> What is being asked
Every line from the one holding "Omg It's My" through the last line of the records must be retyped exactly, and no other line or picture may appear in the copy.

▬▬▬▬▬▬▬▬▬▬

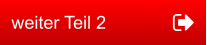 weiter Teil 2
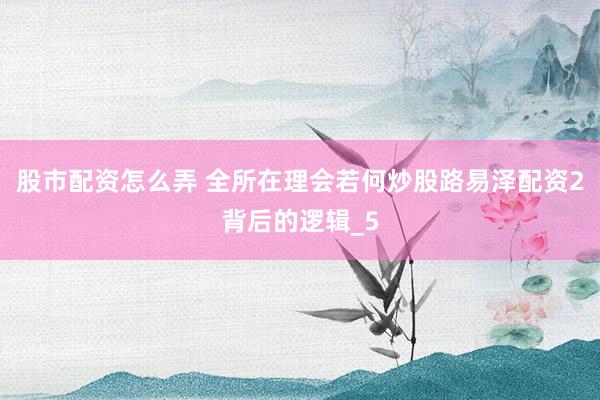 股市配资怎么弄 全所在理会若何炒股路易泽配资2背后的逻辑_5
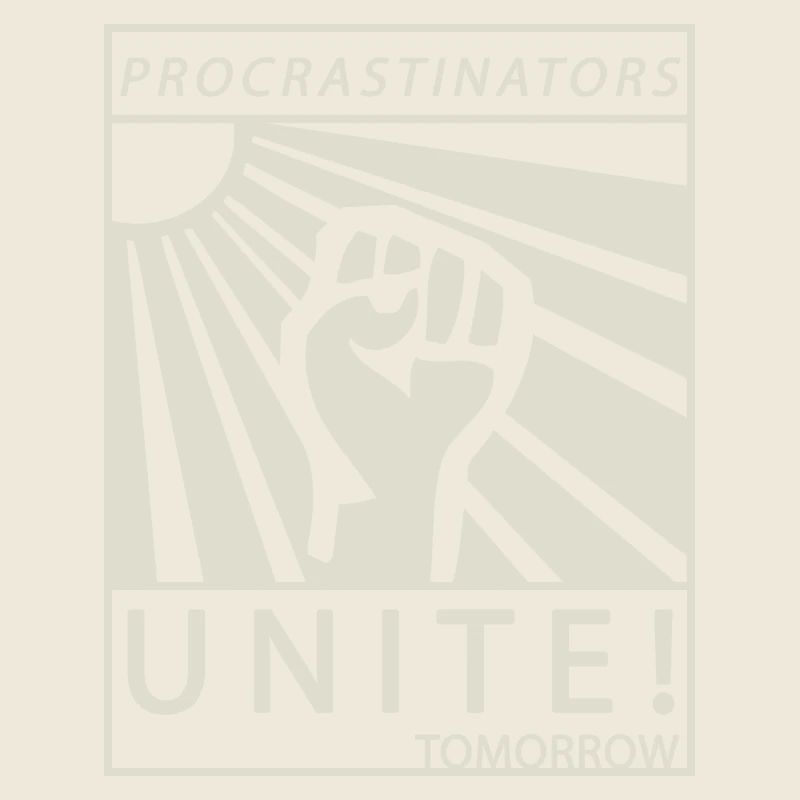 Procrastinators Unite Tomorrow Chillen Geschenk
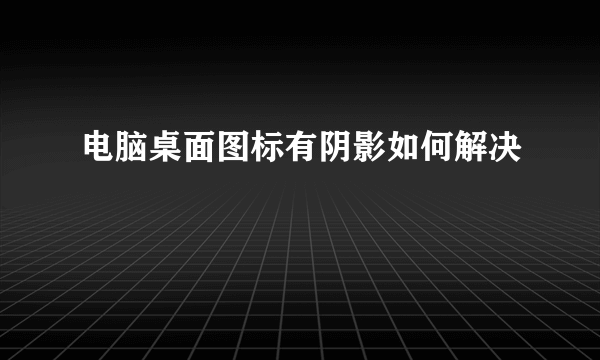 电脑桌面图标有阴影如何解决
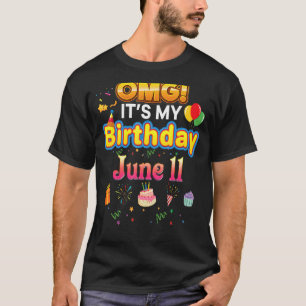 Omg It's My Birthday June 11th Vintage 11 Happy Ki T-Shirt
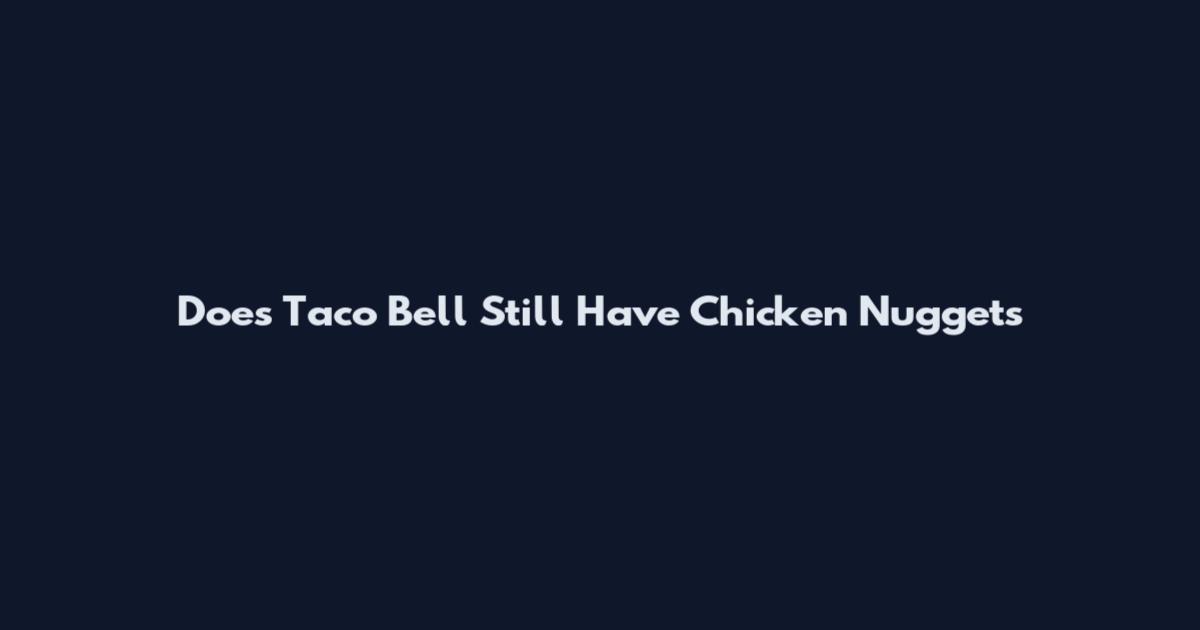 Does Taco Bell Still Have Chicken Nuggets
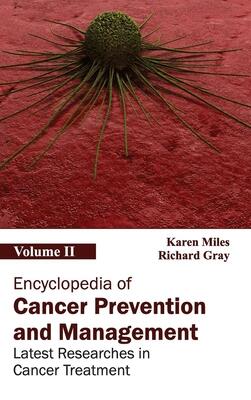 Encyclopedia of Cancer Prevention and Management: Volume II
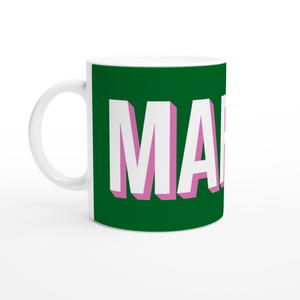 Marra Mug - White 11oz Ceramic Mug - Cumbrian Slang Mug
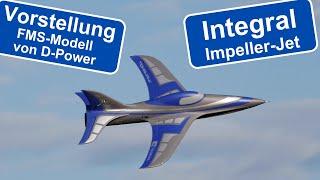 Integral EDF von FMS / D-Power - Elektro-Jet mit 80-mm-Impeller - Vorstellung zu Test in FlugModell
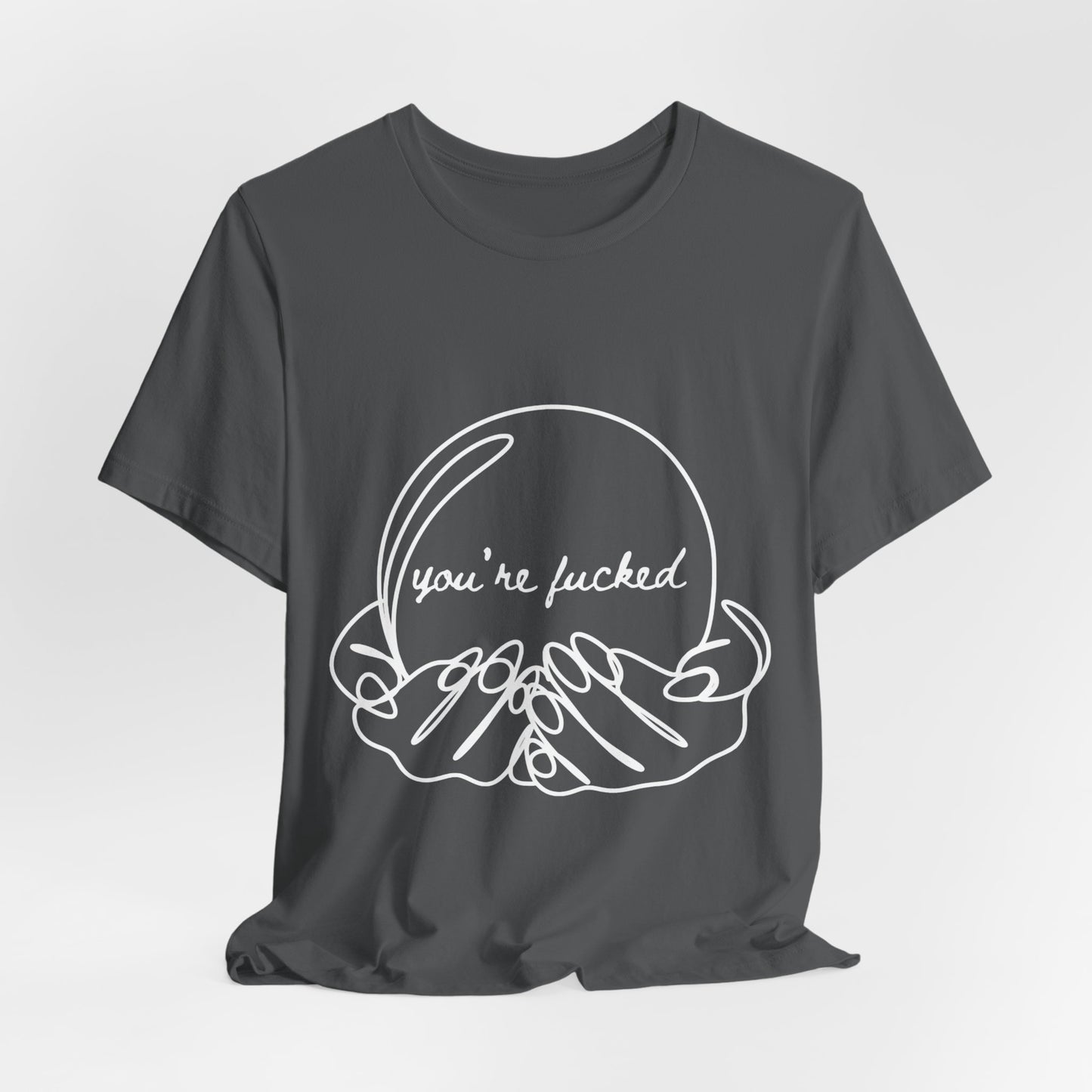 Crystal Ball "You're Fucked" Tee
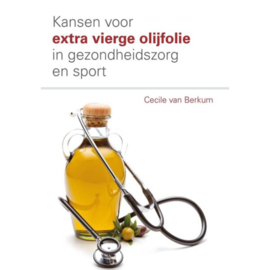 Boek Kansen voor Extra Vierge Olijfolie voor uw Gezondheid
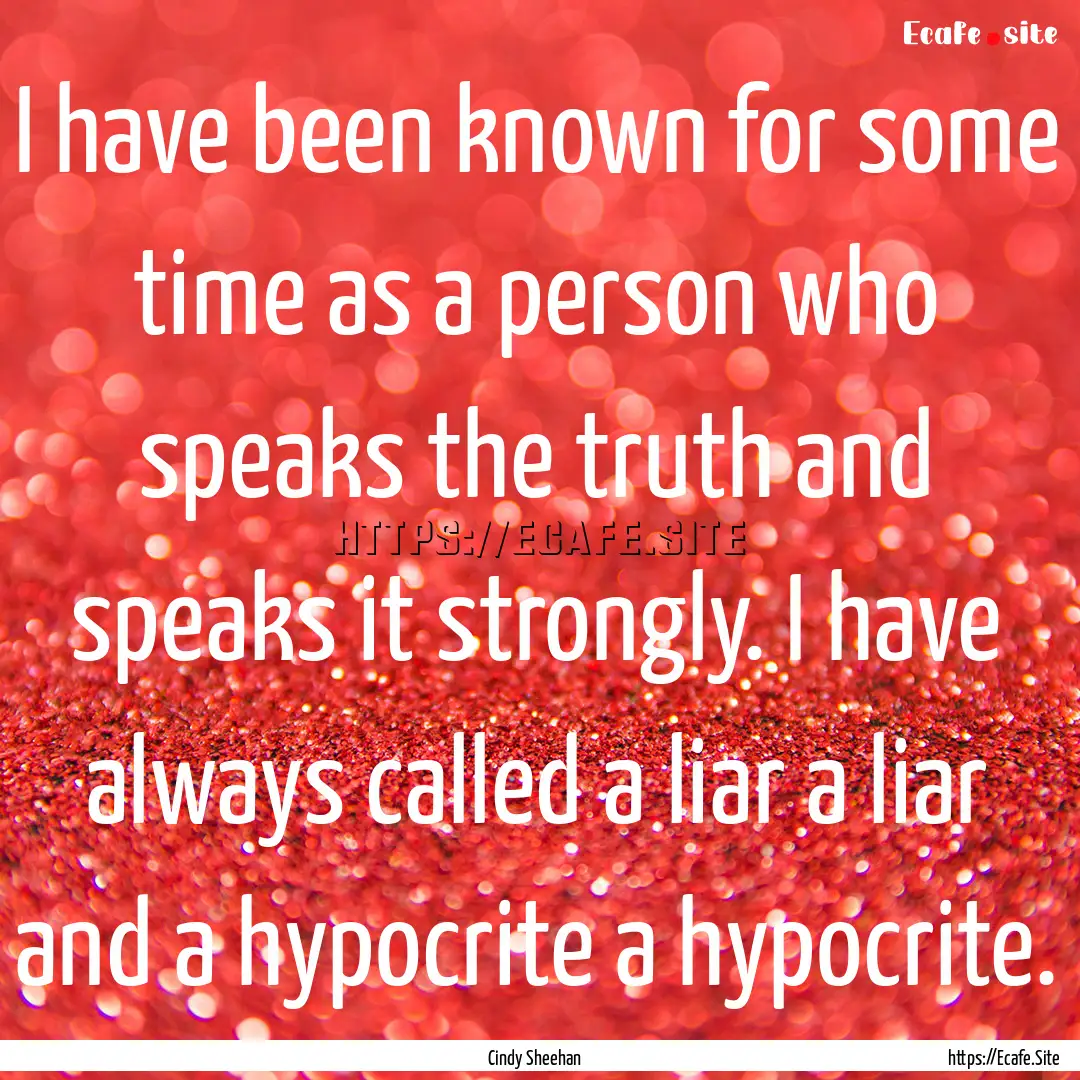 I have been known for some time as a person.... : Quote by Cindy Sheehan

▬▬▬▬▬▬▬▬▬▬

> The answer
 Omg It's My Birthday June 11th Vintage 11 Happy Ki T-Shirt
 Does Taco Bell Still Have Chicken Nuggets
 Encyclopedia of Cancer Prevention and Management: Volume II
 Marra Mug - White 11oz Ceramic Mug - Cumbrian Slang Mug
 Integral EDF von FMS / D-Power - Elektro-Jet mit 80-mm-Impeller - Vorstellung zu Test in FlugModell
 Crystal Ball "You're Fucked" Tee
 Boek Kansen voor Extra Vierge Olijfolie voor uw Gezondheid
 I have been known for some time as a person.... : Quote by Cindy Sheehan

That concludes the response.